Change control is the management of security features and a level of assurance provided through the control of the changes made to the system’s hardware, software, and firmware configurations throughout the development and operational life cycle.
Change control involves identifying, controlling, and auditing all changes made to the system. It can address hardware and software changes, networking changes, or any other change affecting security. Change control can also be used to protect a trusted system while it is being designed and developed.
The primary security goal of change control is to ensure that changes to the system do not unintentionally diminish security. Another goal of change control is to ensure that system changes are reflected in current documentation to help mitigate the impact that a change may have on the security of other systems, in either the production or the planning stages.
The following are the primary functions of change control:
· To ensure that the change is implemented in an orderly manner through formalized testing
· To ensure that the user base is informed of the impending change
· To analyze the effect of the change on the system after implementation
· To reduce the negative impact that the change may have had on the computing services and resources
Configuration management is the more formalized, higher level process of managing changes to a complicated system, and it is required for formal, trusted systems. Change control is contained in configuration management. The purpose of configuration management is to ensure that changes made to verification systems take place in an identifiable and controlled environment. Configuration managers take responsibility that additions, deletions, or changes made to the verification system do not jeopardize its ability to satisfy trusted requirements. Therefore, configuration management is vital to maintaining the endorsement of a verification system.
The four major aspects of configuration management are:
· Configuration identification
· Configuration control
· Configuration status accounting
· Configuration auditing
Configuration management entails decomposing the verification system into identifiable, understandable, manageable, trackable units known as Configuration Items (CIs). A CI is a uniquely identifiable subset of the system that represents the smallest portion to be subject to independent configuration control procedures. The decomposition process of a verification system into CIs is called configuration identification.
CIs can vary widely in size, type, and complexity. Although there are no hard-and-fast rules for decomposition, the granularity of CIs can have great practical importance. A favorable strategy is to designate relatively large CIs for elements that are not expected to change over the life of the system, and small CIs for elements likely to change more frequently.

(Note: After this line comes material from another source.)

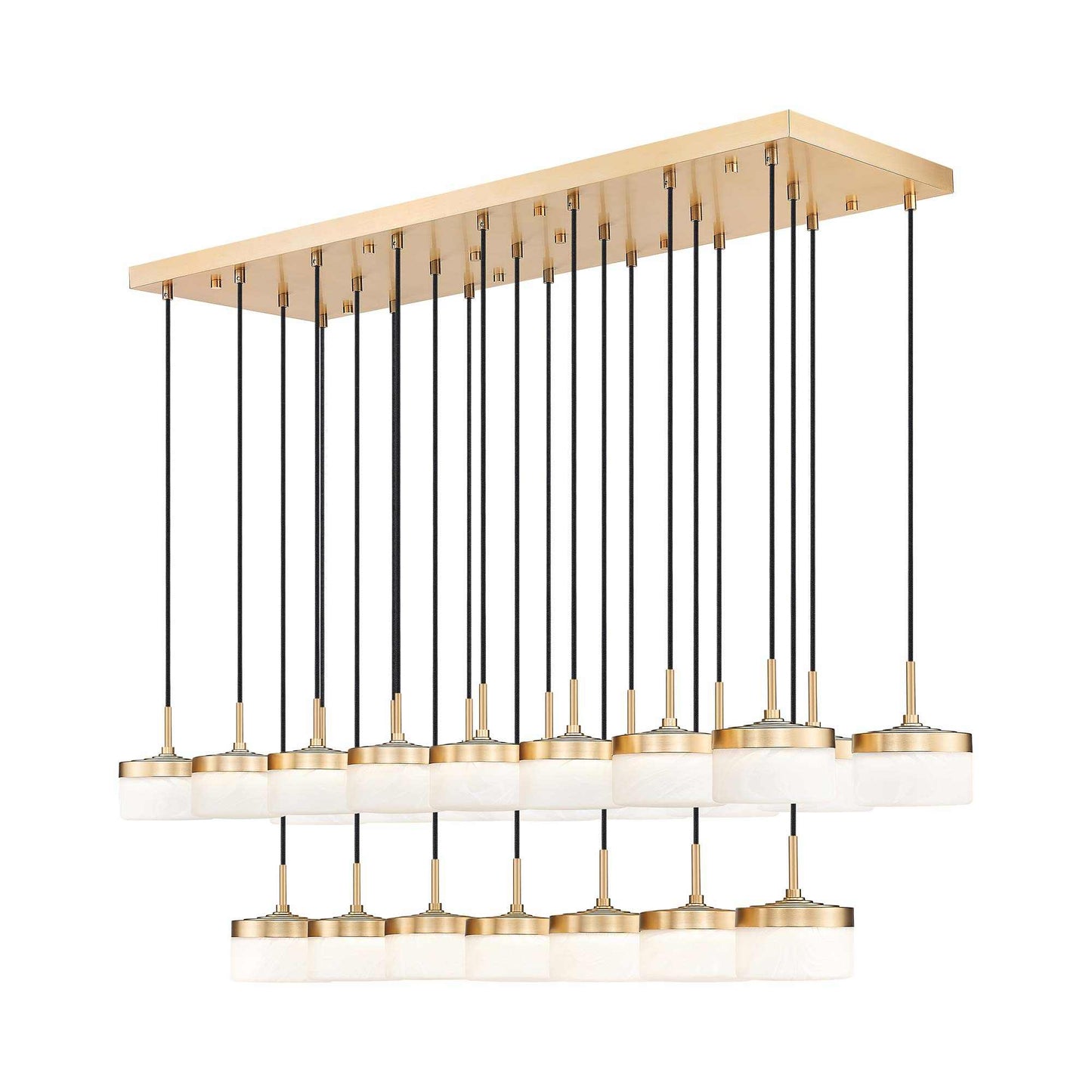 Renaud Linear LED Chandelier in Modern Gold (23-Light).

Configuration control is a means of ensuring that system changes are approved before being implemented, only the proposed and approved changes are implemented, and the implementation is complete and accurate. This involves strict procedures for proposing, monitoring, and approving system changes and their implementation. Configuration control entails central direction of the change process by personnel who coordinate analytical tasks, approve system changes, review the implementation of changes, and supervise other tasks such as documentation.
Configuration accounting documents the status of configuration control activities and in general provides the information needed to manage a configuration effectively. It allows managers to trace system changes and establish the history of any developmental problems and associated fixes.

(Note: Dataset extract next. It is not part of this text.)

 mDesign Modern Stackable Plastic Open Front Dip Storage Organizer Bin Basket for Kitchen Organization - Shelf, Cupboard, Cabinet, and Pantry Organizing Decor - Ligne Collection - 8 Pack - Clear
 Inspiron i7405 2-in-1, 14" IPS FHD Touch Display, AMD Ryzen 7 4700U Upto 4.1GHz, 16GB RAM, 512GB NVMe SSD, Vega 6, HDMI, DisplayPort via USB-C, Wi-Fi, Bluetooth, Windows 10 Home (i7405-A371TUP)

Configuration accounting also tracks the status of current changes as they move through the configuration control process. Configuration accounting establishes the granularity of recorded information and thus shapes the accuracy and usefulness of the audit function.

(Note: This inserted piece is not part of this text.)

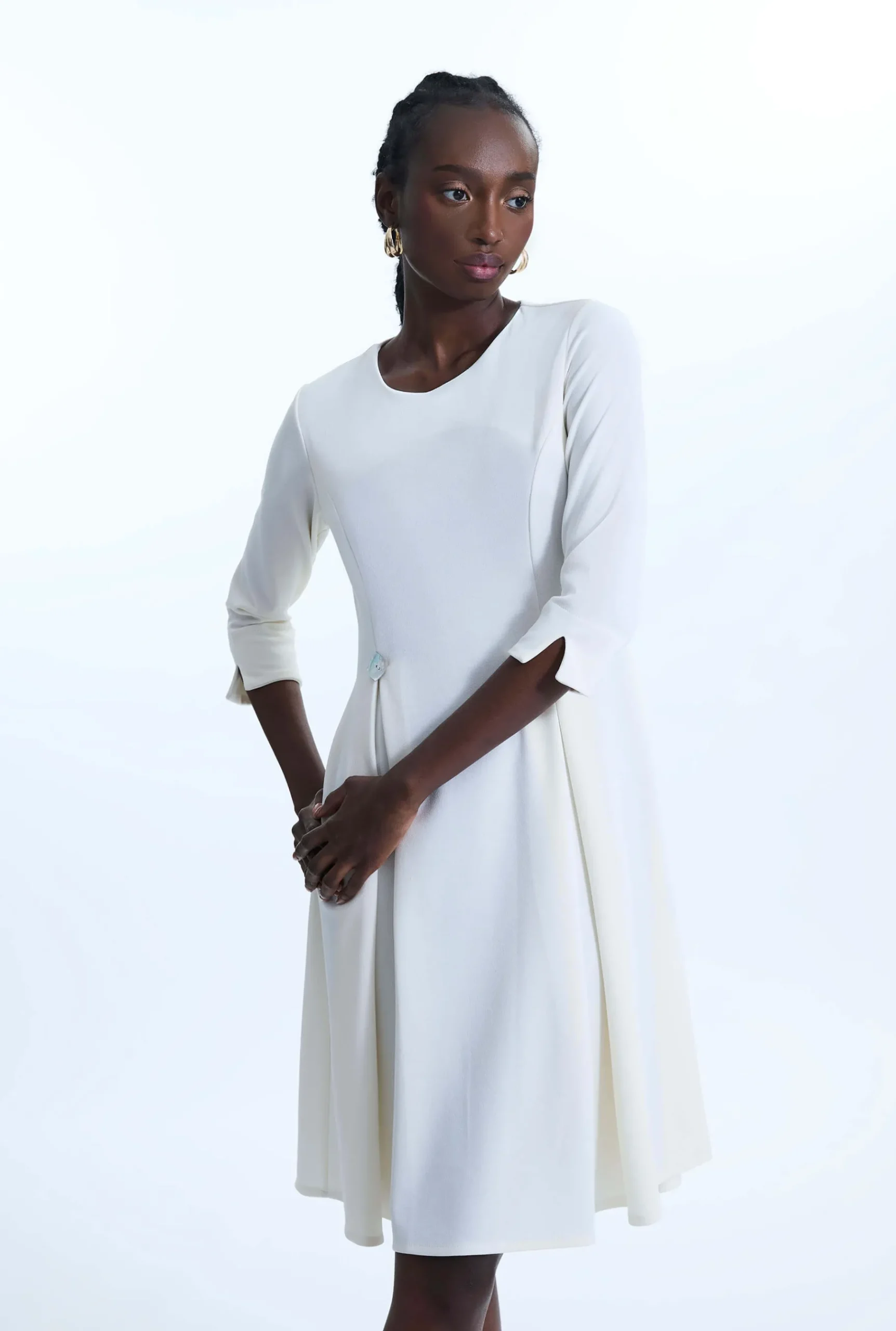 James Lakeland Pin Tuck Button Midi Dress Cream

The accounting function must be able to locate all possible versions of a CI and all the incremental changes involved, thereby deriving the status of that CI at any specific time. The associated records must include commentary about the reason for each change and its major implications for the verification system.
Configuration audit is the quality assurance component of configuration management. It involves periodic checks to determine the consistency and completeness of accounting information and to verify that all configuration management policies are being followed. A vendor’s configuration management program must be able to sustain a complete configuration audit by an NCSC review team.
Configuration Management Plan
Strict adherence to a comprehensive configuration management plan is one of the most important requirements for successful configuration management. The configuration management plan is the vendor’s document tailored to the company’s practices and personnel. The plan accurately describes what the vendor is doing to the system at each moment and what evidence is being recorded.
Configuration Control Board (CCB)
All analytical and design tasks are conducted under the direction of the vendor’s corporate entity called the Configuration Control Board (CCB). The CCB is headed by a chairperson, who is responsible for ensuring that changes made do not jeopardize the soundness of the verification system and ensures that the changes made are approved, tested, documented, and implemented correctly.
The members of the CCB should interact periodically, either through formal meetings or other available means, to discuss configuration management topics such as proposed changes, configuration status accounting reports, and other topics that may be of interest to the different areas of the system development. These interactions should be held to keep the entire system team updated on all advancements or alterations in the verification system.